Who suffers? The same young people so many state officials are so fond of saying are "our future."
If state lawmakers really care about "our future," maybe we ought to think long and hard about our past.
Today, the state has about 354 students per public school. In 1960, West Virginia had about 164 kids to a school.
Really, now, how can twice as many students per school be a better thing?
In Walkersville, in Wallace ... all over the place, really ... abandoned schools are crumbling, and many kids make long, boring bus trips to attend classes.
Sure, the new consolidated schools can have some great features like neat science labs, lots of high-tech equipment and excellent teachers. But no way do they, or can they, have the same wonderful sense of community as the smaller, older schools.

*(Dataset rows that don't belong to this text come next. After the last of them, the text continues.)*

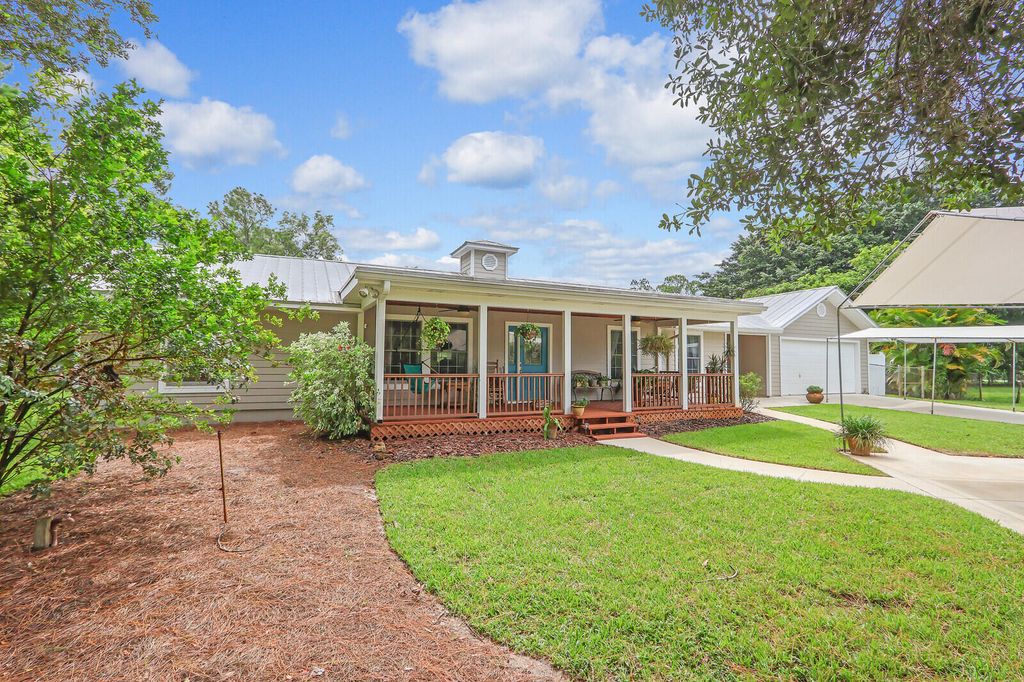 Photo of 18796 129th Terrace N, Jupiter, FL 33478 (MLS # R11010555)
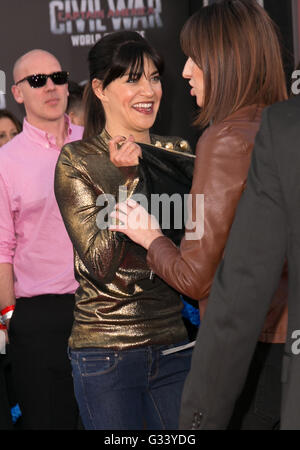 Celebriteis assister à la première mondiale de 'Captain America : Guerre Civile" au Kodak Theater à Hollywood. Avec : Jessica Szohr Où : Los Angeles, California, United States Quand : 12 Avr 2016 Banque D'Images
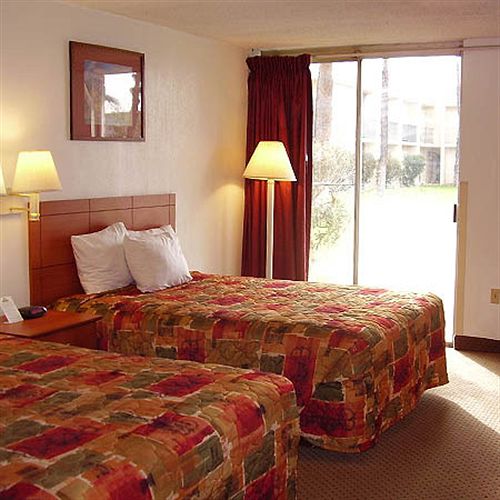 Hotel Days Inn Phoenix - I 17 & Thomas  | Phoenix | Arizona | United States 9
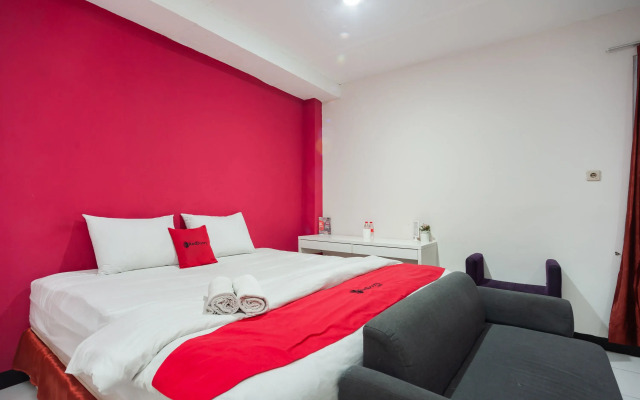 RedDoorz Plus near Mall Kelapa Gading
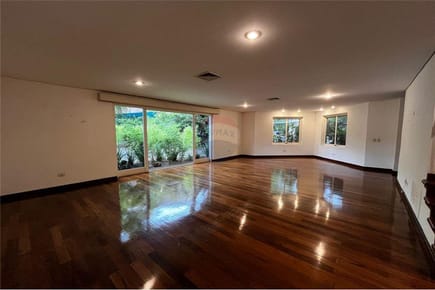 Alquilo fina residencia en Condominio Botanica 2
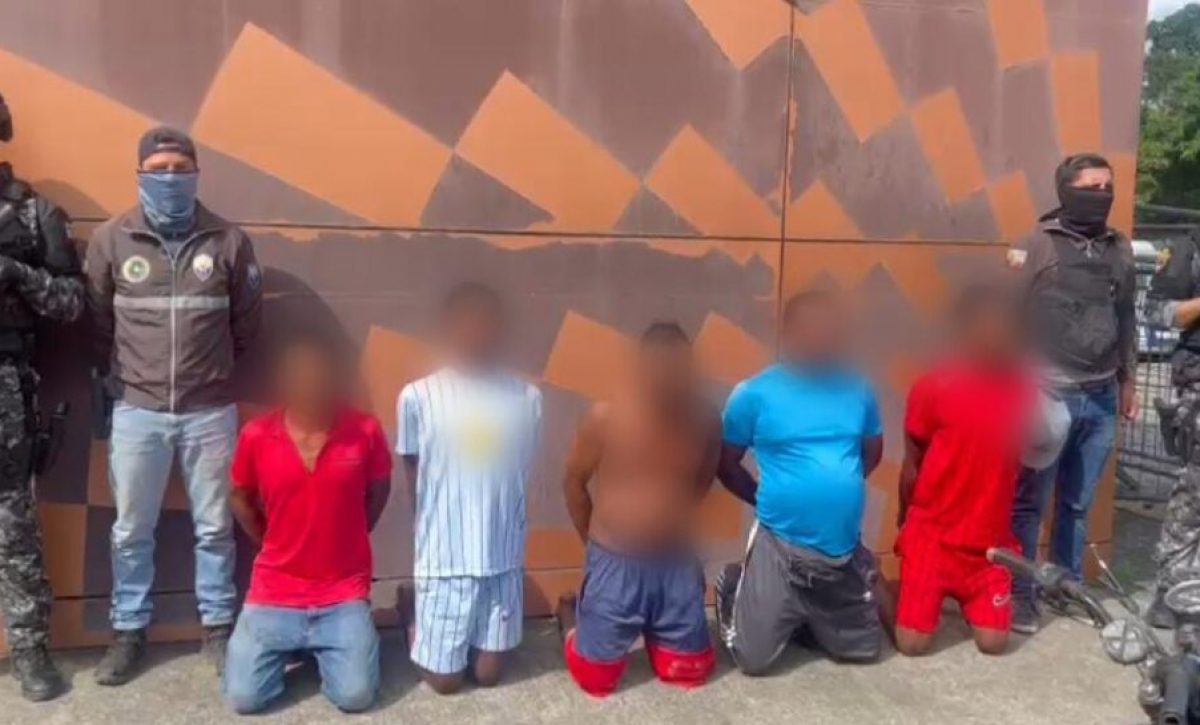 Cinco detenidos tras operativo en Esmeraldas por presunta extorsión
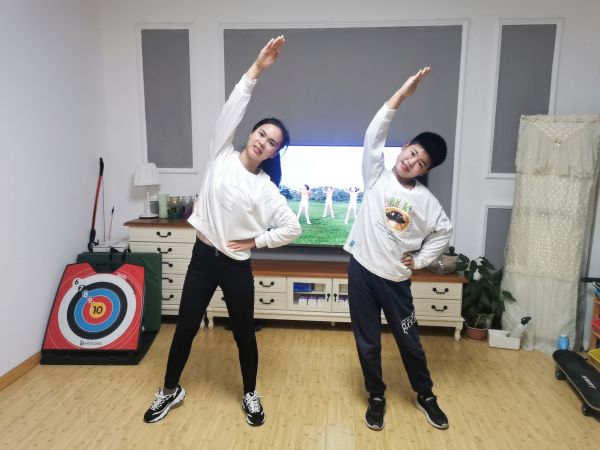 pg娛樂(lè)電子游戲 一起來(lái)運(yùn)動(dòng)，這所小學(xué)家長(zhǎng)和孩子們同做廣播體操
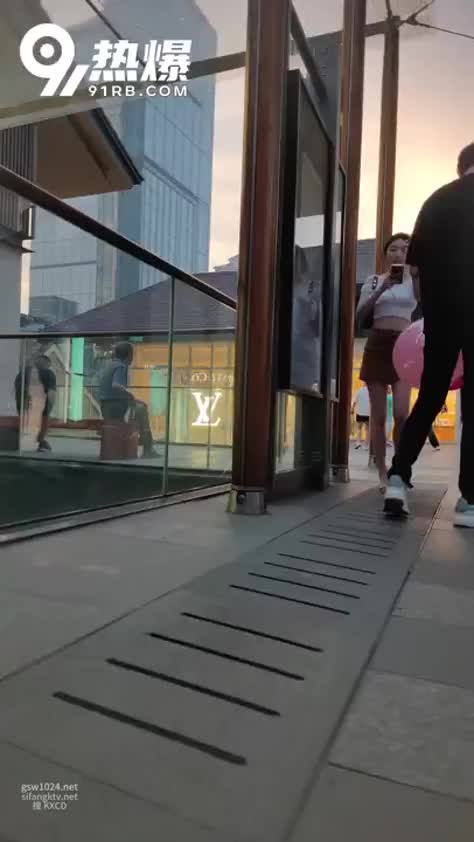 32fc1534-4b6a-4710-b102-03114952855d.mp4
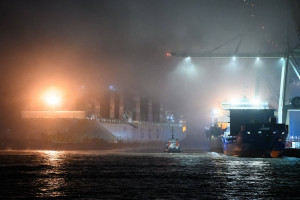 Chińczycy w Hamburgu. Czy polskie porty powinny się bać?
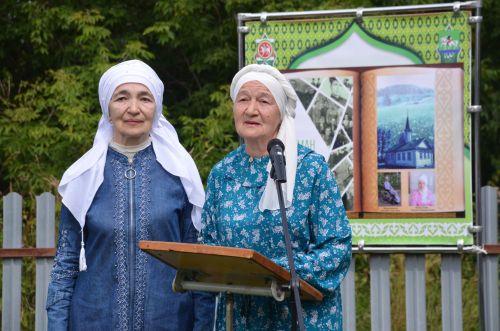 Связующий мост времен: презентация книги «Сукман — родина предков» прошла в родном селе авторов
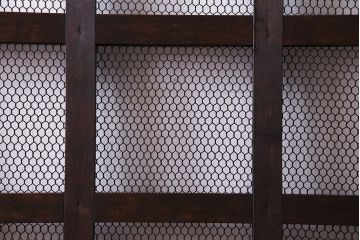 古民具・骨董　腰板の飾りがおしゃれな格子戸(引き戸、蔵戸、玄関戸)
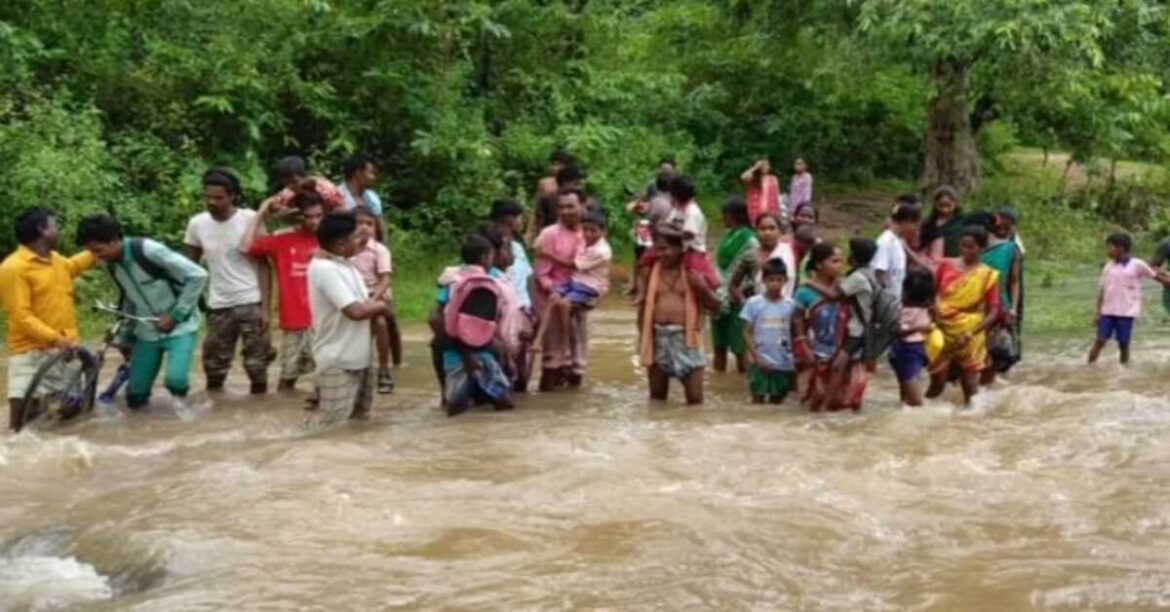 गुडारघाटी नदी के पास प्रदर्शन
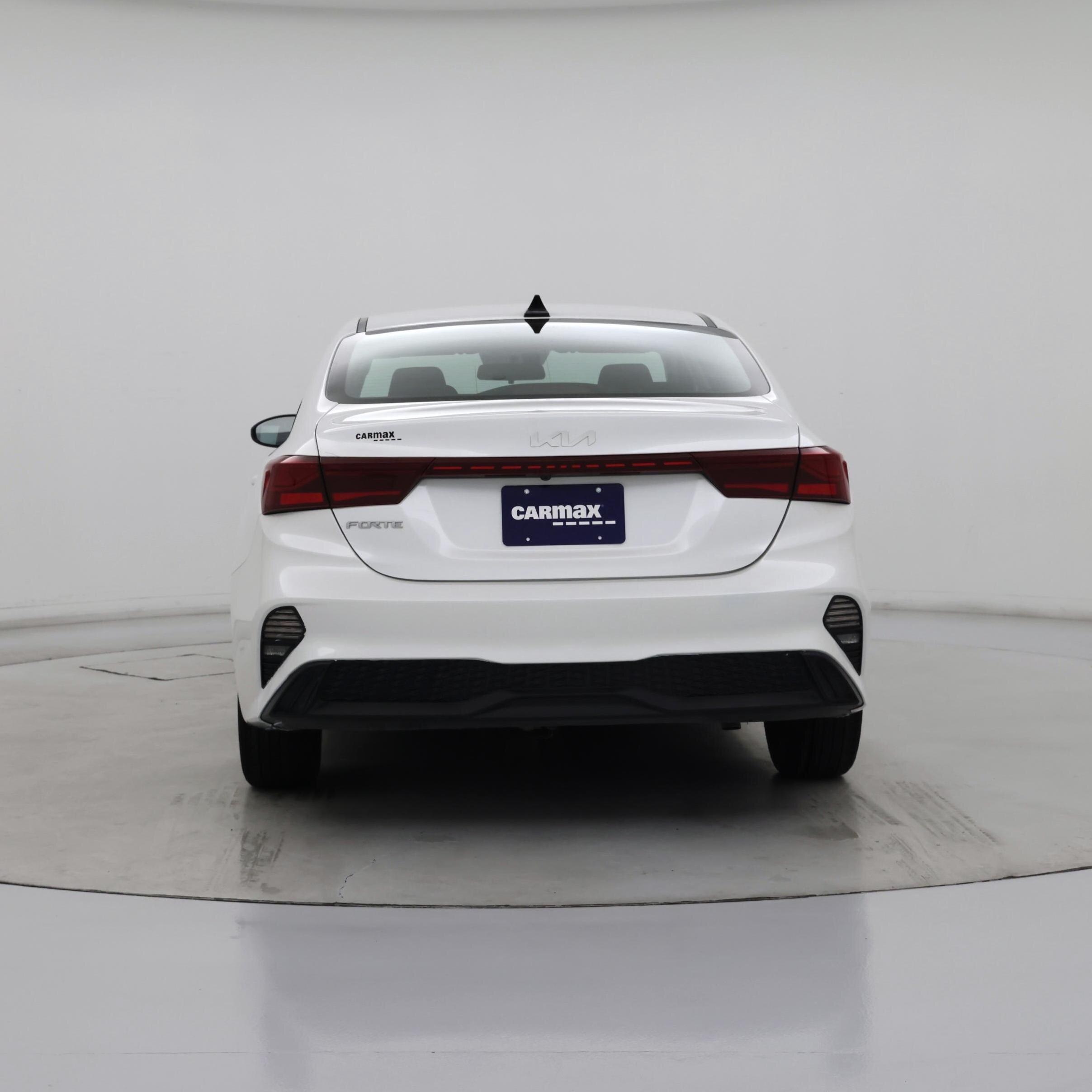 Thumbnail: 2023 Kia Forte - 6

That is a vital part of education -- and life -- that too often is overlooked today.
That said, lawmakers should study alternative ways to fund schools.
Maybe school districts that perform better than others, for example, ought to get more money from the School Building Authority, even if it is simply to build several new small schools instead of one new large one.
Lawmakers also ought to consider scrapping raising school funds through property taxes.
First, only landowners pay this tax. People who rent don't, even though they send their kids to school, too.
Mainly, though, every kid in West Virginia ought to have an equal opportunity toward a great education. The way it stands now, kids in more affluent counties often tend to get better educations because the property tax base is much higher.
Legislators need to come up with a way to collect an equal tax from everyone in the state, then distribute the money evenly without it degenerating into pork-barrel politics.
Right now, the biggest schools get most of our tax dollars, while smaller ones usually get the wrecking ball. As the state careens toward the very likely -- and ugly -- possibility of regional schools with students crossing county lines, it's time for lawmakers to act.
We need smaller schools and more of a sense of community in these very trying times, instead of sprawling monoliths that very easily could become a melting pot for mediocrity.
State residents must demand much-needed change.